*** Exercise data Section Begins ***
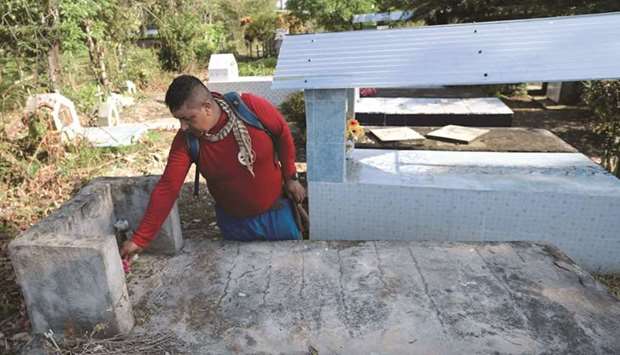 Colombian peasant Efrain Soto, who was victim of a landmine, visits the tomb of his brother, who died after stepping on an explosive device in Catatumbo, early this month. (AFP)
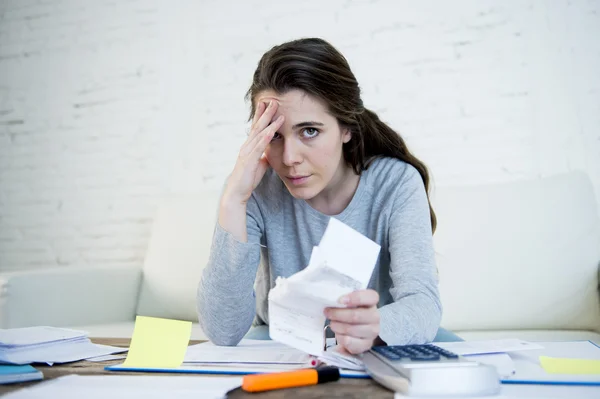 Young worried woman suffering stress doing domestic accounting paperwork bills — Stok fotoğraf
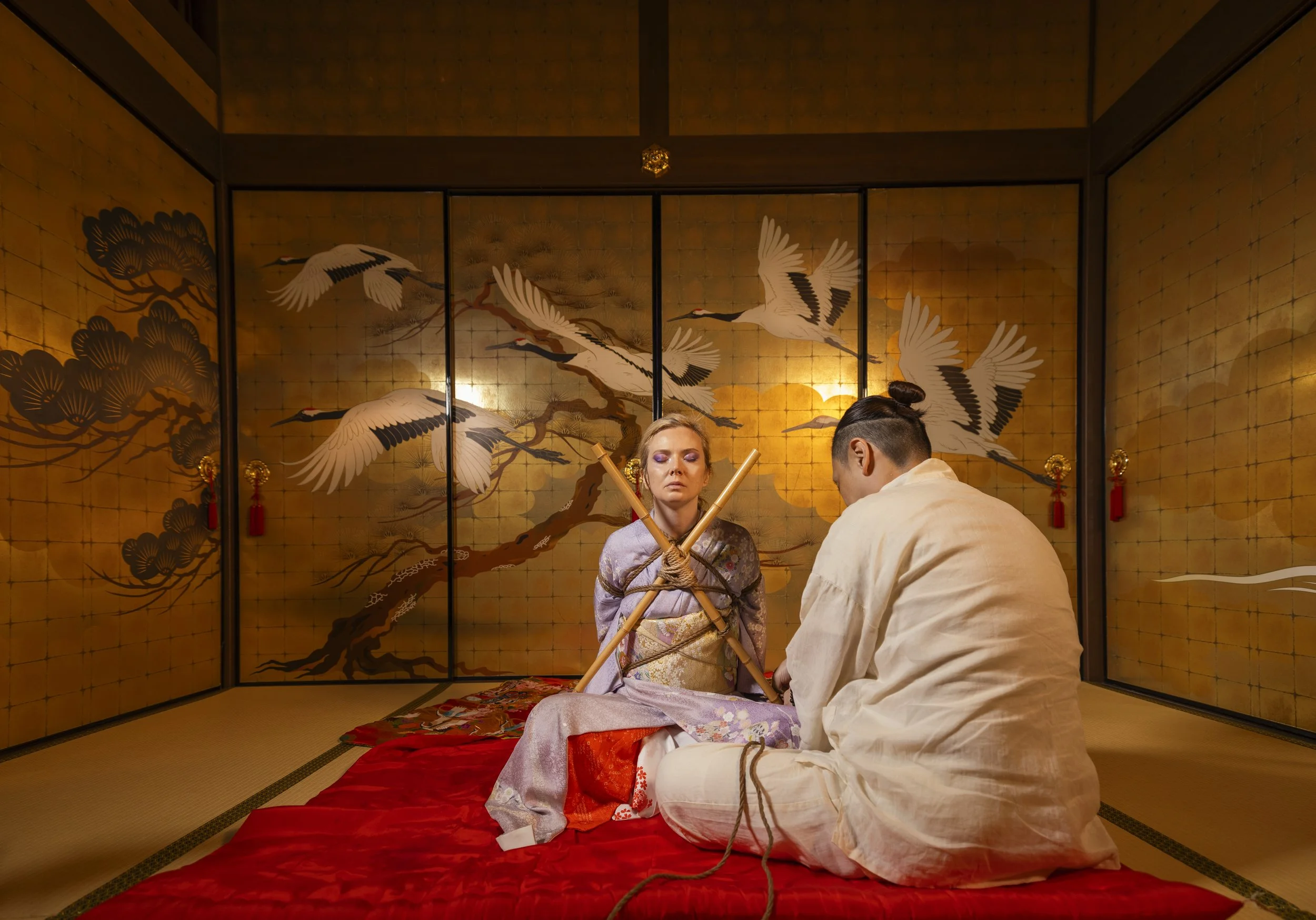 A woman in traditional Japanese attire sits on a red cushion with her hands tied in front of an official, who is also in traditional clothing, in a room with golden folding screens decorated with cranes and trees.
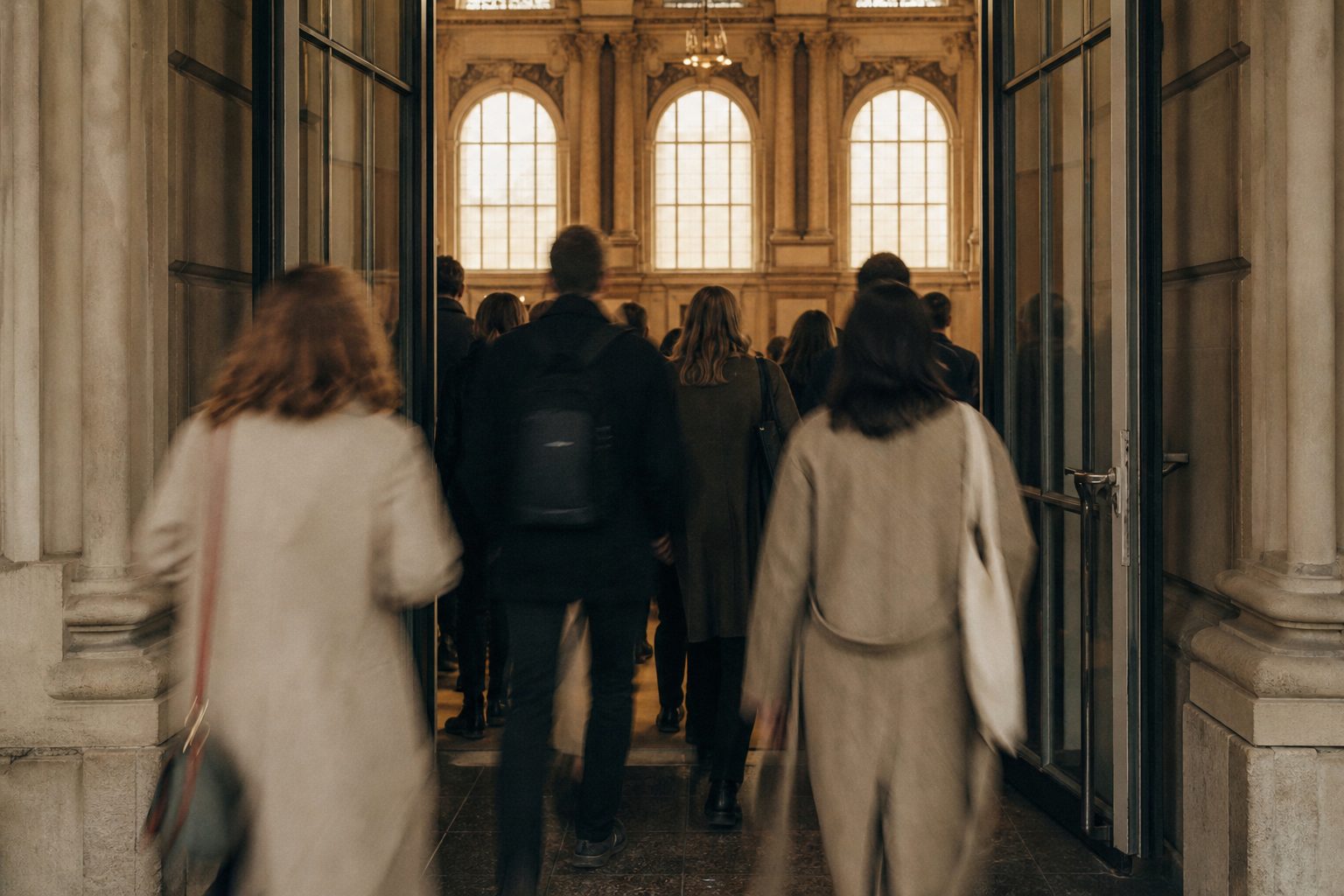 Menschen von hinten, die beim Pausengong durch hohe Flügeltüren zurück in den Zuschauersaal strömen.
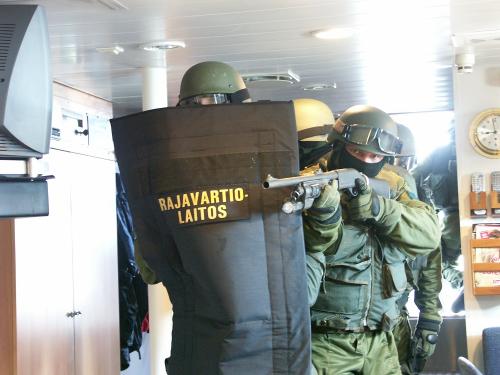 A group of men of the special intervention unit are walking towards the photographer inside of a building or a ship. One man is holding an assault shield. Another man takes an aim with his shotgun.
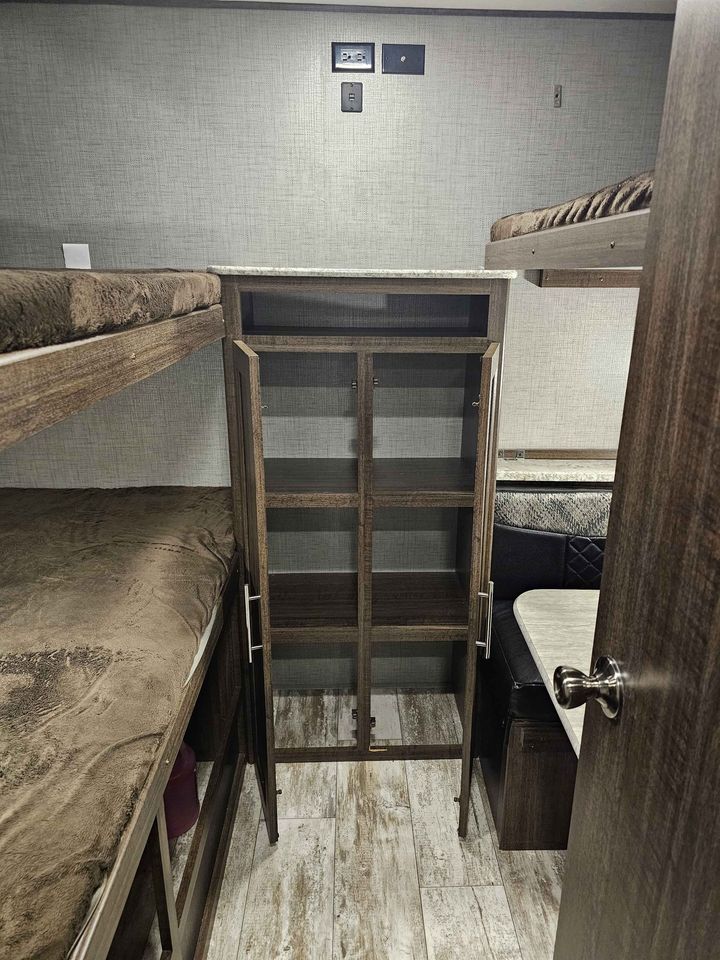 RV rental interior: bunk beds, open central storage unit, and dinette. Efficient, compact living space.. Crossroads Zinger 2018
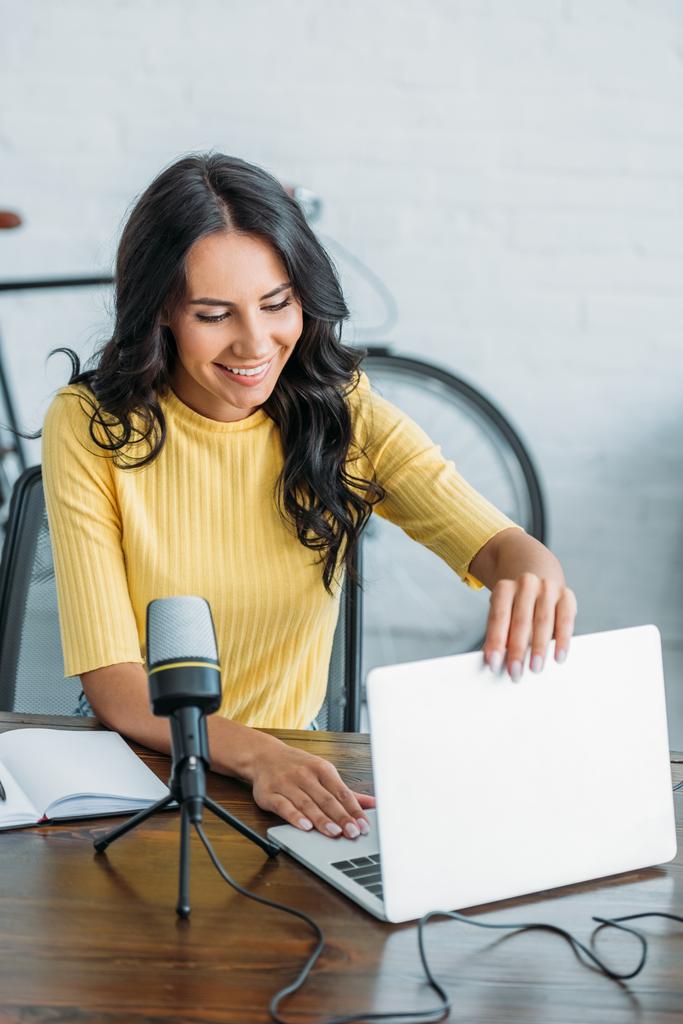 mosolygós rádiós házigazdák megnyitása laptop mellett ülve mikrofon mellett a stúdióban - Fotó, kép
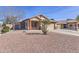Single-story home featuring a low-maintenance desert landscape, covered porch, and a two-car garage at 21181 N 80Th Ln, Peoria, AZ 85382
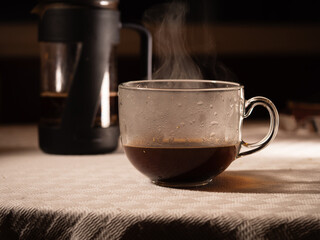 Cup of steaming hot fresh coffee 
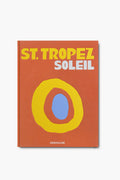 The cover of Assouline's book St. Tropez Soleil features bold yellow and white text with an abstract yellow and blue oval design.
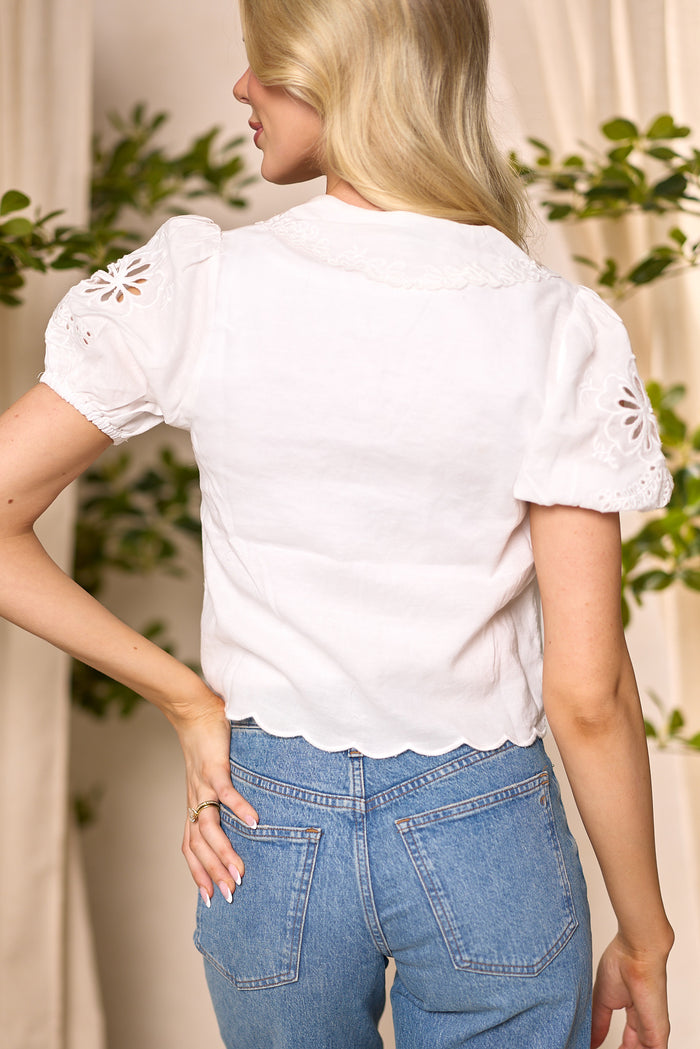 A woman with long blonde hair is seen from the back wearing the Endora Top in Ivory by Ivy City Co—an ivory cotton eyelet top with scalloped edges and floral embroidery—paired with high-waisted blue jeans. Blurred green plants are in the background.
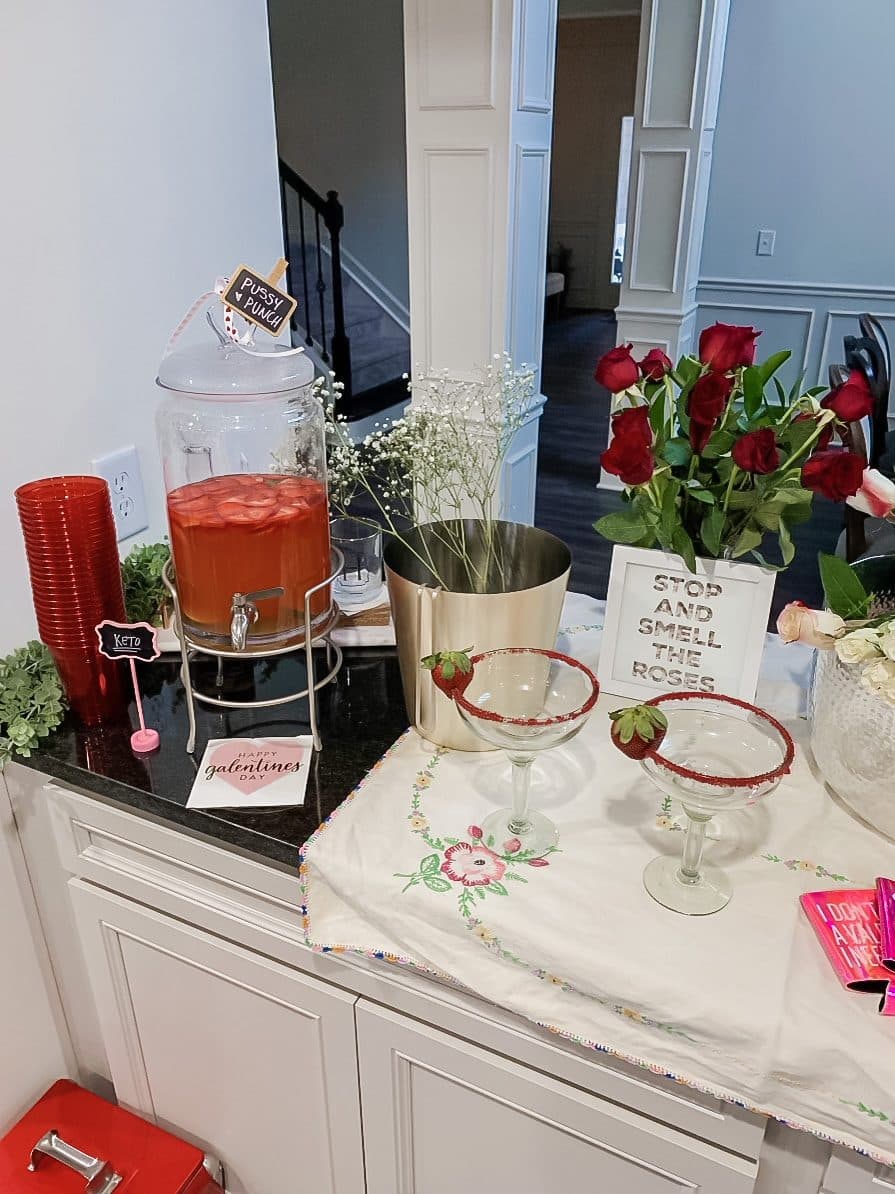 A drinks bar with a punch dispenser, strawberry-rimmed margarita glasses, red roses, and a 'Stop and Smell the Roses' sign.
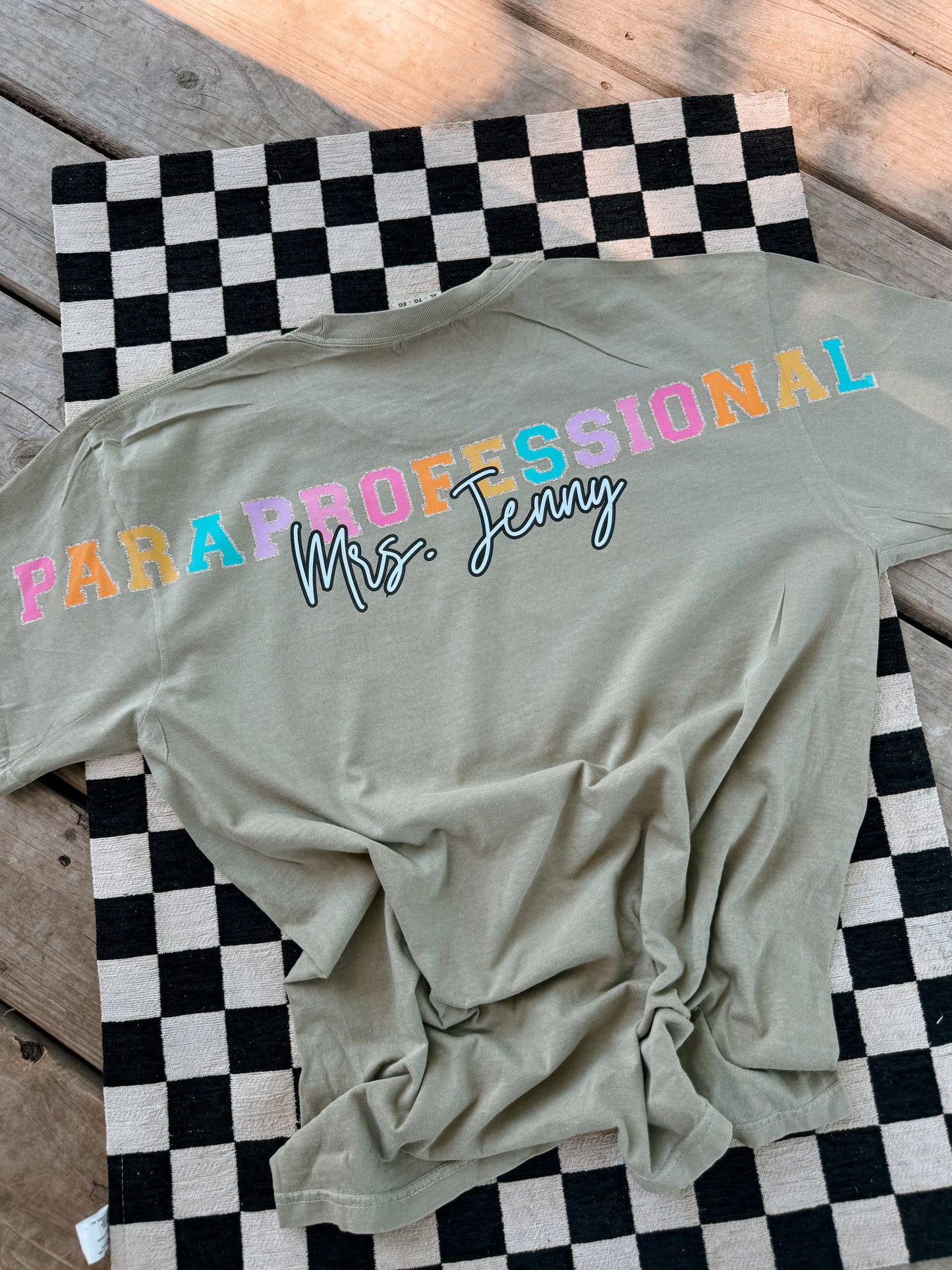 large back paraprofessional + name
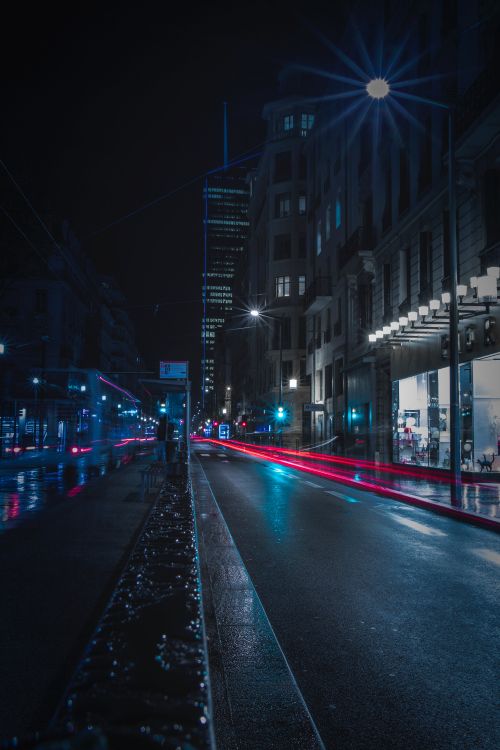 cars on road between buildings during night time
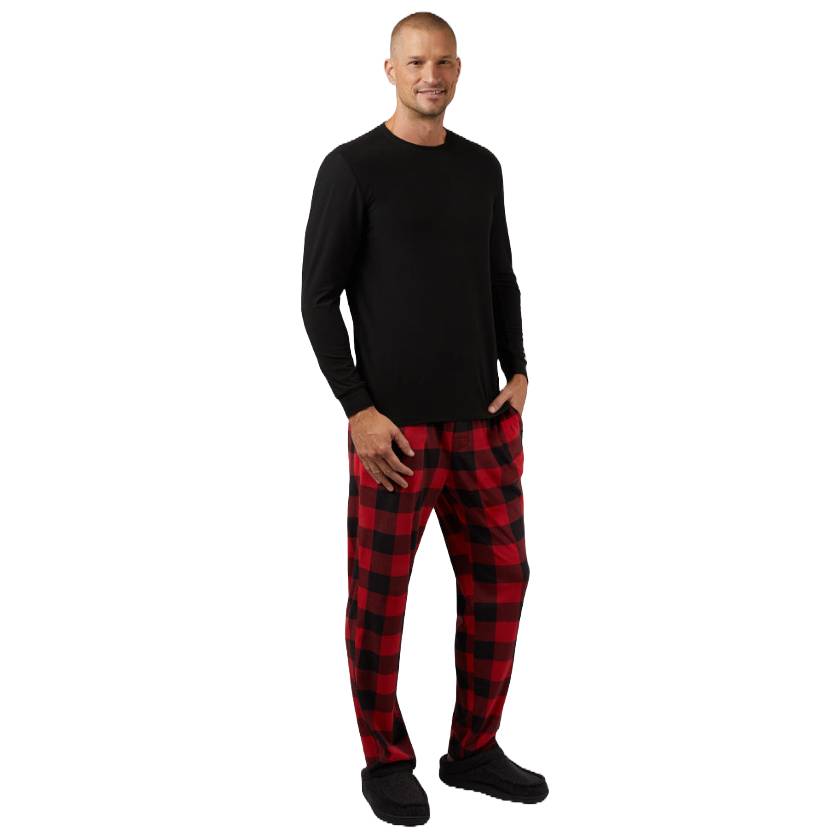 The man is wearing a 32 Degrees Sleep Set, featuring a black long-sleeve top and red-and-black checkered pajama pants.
*** Exercise data Section Ends ***
● Task directions
Look above for the line with "Single-story home featuring" and the line with "cars on road". Copy them and every line between, exactly, but no pictures.

● Task result
Single-story home featuring a low-maintenance desert landscape, covered porch, and a two-car garage at 21181 N 80Th Ln, Peoria, AZ 85382
 Cup of steaming hot fresh coffee 
 The cover of Assouline's book St. Tropez Soleil features bold yellow and white text with an abstract yellow and blue oval design.
 A woman with long blonde hair is seen from the back wearing the Endora Top in Ivory by Ivy City Co—an ivory cotton eyelet top with scalloped edges and floral embroidery—paired with high-waisted blue jeans. Blurred green plants are in the background.
 A drinks bar with a punch dispenser, strawberry-rimmed margarita glasses, red roses, and a 'Stop and Smell the Roses' sign.
 large back paraprofessional + name
 cars on road between buildings during night time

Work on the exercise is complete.